Institutional vs. retail participation
Institutional access to Bitcoin has expanded, but Alden emphasizes a core problem: “There was not a lot of retail demand in this cycle—almost all the demand was narrow in corporations and institutions.” The lack of upstream retail demand has limited price movement despite positive institutional news. She reiterates that long-term holders holding through downturns influences market dynamics and stability.
Integration into the financial system
For Bitcoin to become a global reserve asset, Alden stresses it needs integration with Wall Street, politics, and government: “There was no way it was gonna happen going around it right… you had to have wall street and politics and government’s participation to become big enough to even become a global reserve asset.” Despite Bitcoin’s unique traits, it’s still often treated as a risk-on asset: “It’s still treated like a… risk on asset… I think that’s gonna persist for quite a while.” The idea that original adopters are selling heavily is “one of the most nonsensical talking points” in her view. She contrasts Bitcoin’s decentralization—unable to be frozen or debased—with centralized stablecoins.

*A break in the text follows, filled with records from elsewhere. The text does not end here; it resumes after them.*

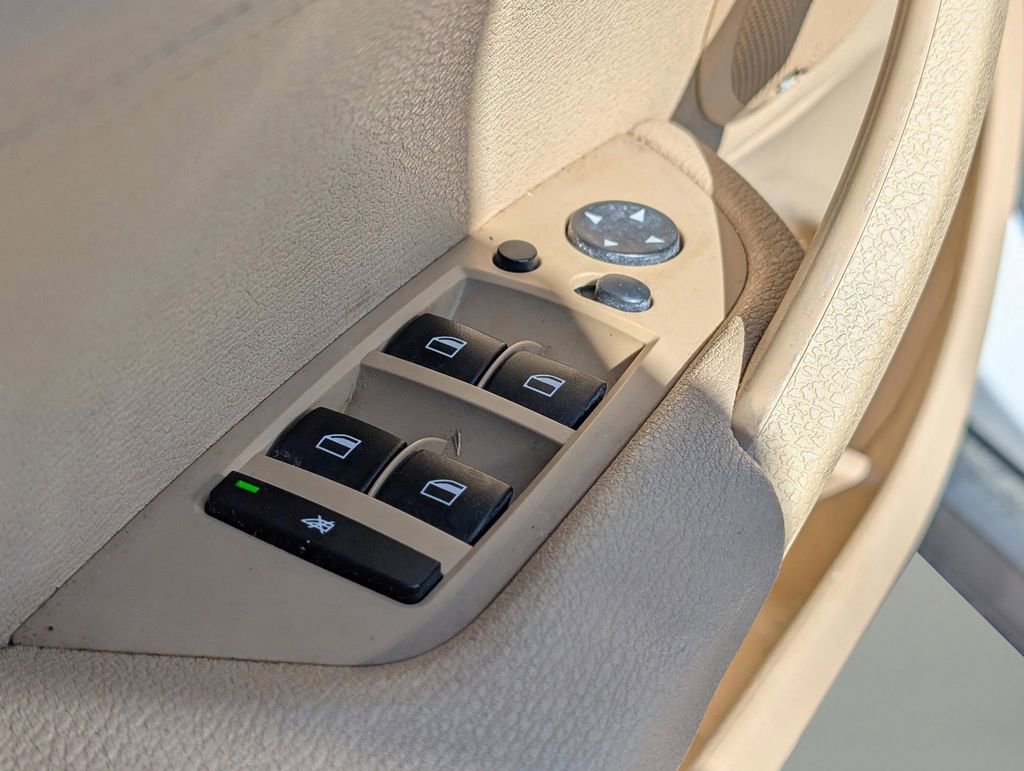 Used 2015 BMW X1 sDrive28i RWD image 15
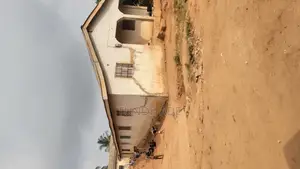 10bdrm Bungalow in Ifo for sale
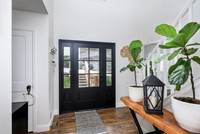 1613 Bayview Dr interior
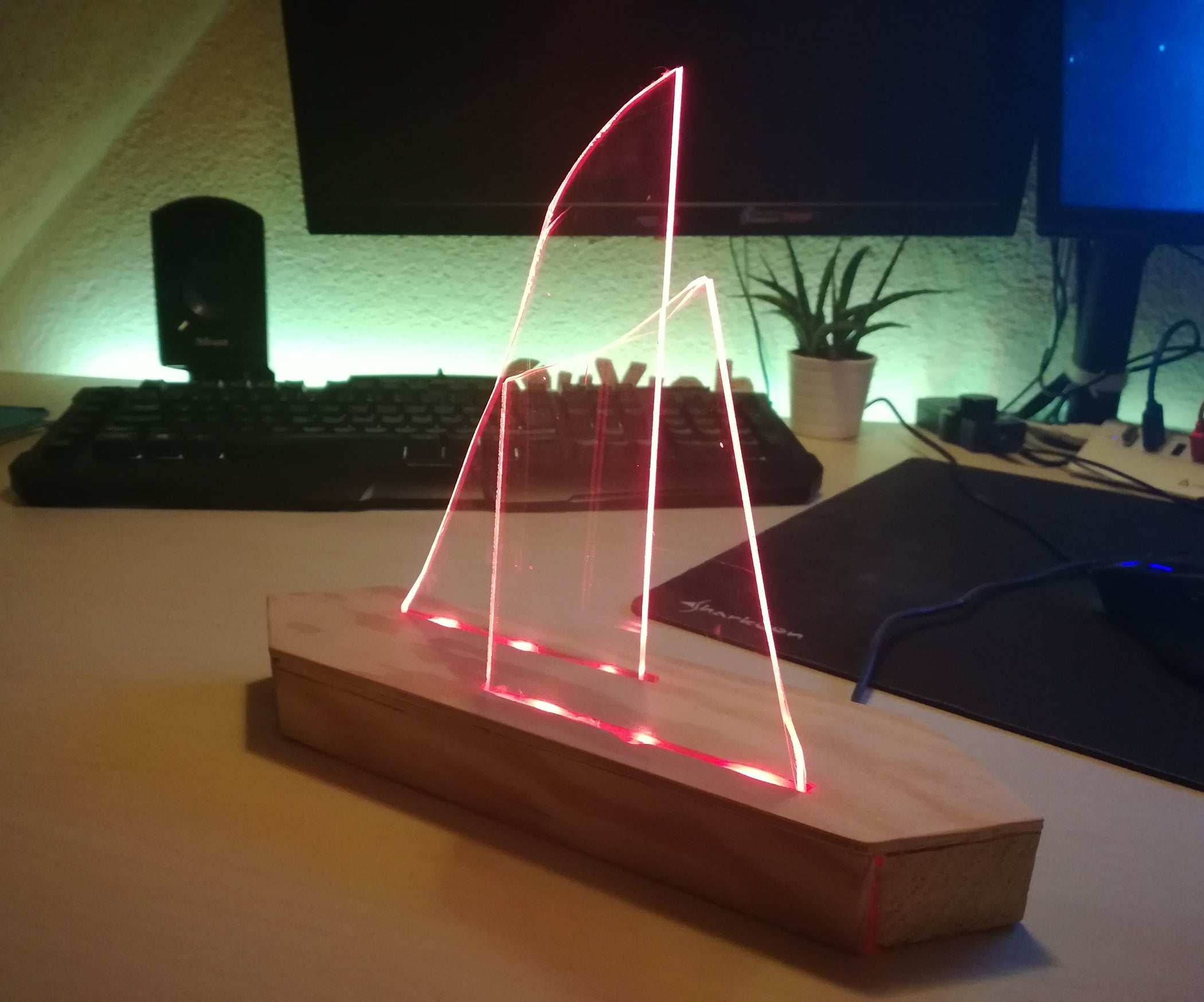 LED Plexiglass Light 6 Steps Instructables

Bitcoin vs. precious metals and other assets
Alden notes competition for investor mindshare between crypto and precious metals like silver: “I think that bitcoin and and broad crypto was eating into silver’s… use case a little bit… I do think that they compete over similar mind share.” Strong precious metals performance, AI-related interest, and alternative assets have diverted trading attention from crypto. Still, Bitcoin remains “a globally accessible liquid store of value that’s volatile,” and in regions with currency problems and tech adoption, people often turn to Bitcoin or gold for savings.
Stablecoins and Bitcoin’s roles
She frames stablecoins as transactional “checking accounts” and Bitcoin as a “savings account.” Stablecoin market cap is expected to grow substantially—Alden expects it to “double… and then probably keep going.” While stablecoins provide liquidity and utility, Bitcoin’s decentralization and resistance to freezing or debasement make it better suited as a savings asset for some users.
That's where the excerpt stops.